The alternative Beijing tourist guide

Beijingers and tourists alike can check out these less-seen sights

Done with swamped tourist traps? Check out these alternative things to do in Beijing, great for both savvy tourists and Beijingers alike.

Ancient architecture


temple of successive dynasties
Temple of Successive Dynasties

If you like The Forbidden City
Constructed from 1406 through 1420 during the Ming Dynasty, the Forbidden City – the world’s largest walled palace – served as China’s imperial palace until the end of the Qing Dynasty in 1912, housing a total of 24 emperors. A Unesco World Heritage Site and the home of the Palace Museum, the (not-so) Forbidden City now opens its gilded gates for anything up to 80,000 tourists per day. Open 8.30am-5pm daily (peak season). 40-60RMB. Subway station: Tiananmen East or Tiananmen West.

Try Working People's Cultural Palace
Break away from the masses heading to the Forbidden City and duck off east at the Working People’s Cultural Palace.
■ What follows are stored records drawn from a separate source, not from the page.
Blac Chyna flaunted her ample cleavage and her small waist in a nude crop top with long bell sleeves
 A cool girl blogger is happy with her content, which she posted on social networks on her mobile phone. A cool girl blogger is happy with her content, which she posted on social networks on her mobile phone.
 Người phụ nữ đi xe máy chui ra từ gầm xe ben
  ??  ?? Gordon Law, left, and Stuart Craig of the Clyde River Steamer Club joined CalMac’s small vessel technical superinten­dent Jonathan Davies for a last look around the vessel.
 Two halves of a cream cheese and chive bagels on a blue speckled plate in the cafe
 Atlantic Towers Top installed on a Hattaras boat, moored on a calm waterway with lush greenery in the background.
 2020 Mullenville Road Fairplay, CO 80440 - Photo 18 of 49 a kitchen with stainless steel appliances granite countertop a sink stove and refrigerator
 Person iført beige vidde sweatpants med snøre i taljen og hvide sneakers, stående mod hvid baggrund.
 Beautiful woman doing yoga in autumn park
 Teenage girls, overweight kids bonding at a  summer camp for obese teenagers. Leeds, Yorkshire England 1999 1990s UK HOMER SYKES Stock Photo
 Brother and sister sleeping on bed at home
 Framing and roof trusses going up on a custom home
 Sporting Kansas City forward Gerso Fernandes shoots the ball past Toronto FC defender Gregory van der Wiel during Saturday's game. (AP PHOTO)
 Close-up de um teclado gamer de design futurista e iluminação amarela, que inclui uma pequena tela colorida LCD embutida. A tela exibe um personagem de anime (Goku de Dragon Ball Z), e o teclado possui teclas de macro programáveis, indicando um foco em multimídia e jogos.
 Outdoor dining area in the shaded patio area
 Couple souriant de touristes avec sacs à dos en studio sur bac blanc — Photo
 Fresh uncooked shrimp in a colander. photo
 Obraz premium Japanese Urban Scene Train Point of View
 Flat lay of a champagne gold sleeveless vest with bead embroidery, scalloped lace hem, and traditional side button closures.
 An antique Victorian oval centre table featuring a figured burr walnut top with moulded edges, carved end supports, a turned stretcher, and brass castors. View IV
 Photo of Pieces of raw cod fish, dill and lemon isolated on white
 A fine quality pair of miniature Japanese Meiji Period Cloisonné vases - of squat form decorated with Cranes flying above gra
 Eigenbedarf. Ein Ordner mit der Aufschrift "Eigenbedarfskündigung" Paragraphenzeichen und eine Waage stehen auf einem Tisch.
Despite its prime location between Tiananmen Square and the Forbidden City, this palace park remains largely unexplored by tourists ticking the Beijing landmarks off their bucket lists. Designed in the same style as the rest of the Forbidden City, the Workers Cultural Palace – originally the 'Royal Ancestral Temple' before it was renamed by Mao – was an important place of worship for emperors. Now a tranquil space away from the madding crowds, it’s a great spot to get the Forbidden City-feel, but with smaller halls, cheaper entry and more space to breathe. Open 6.30am-7.30pm daily. 2RMB. Subway station: Tiananmen East.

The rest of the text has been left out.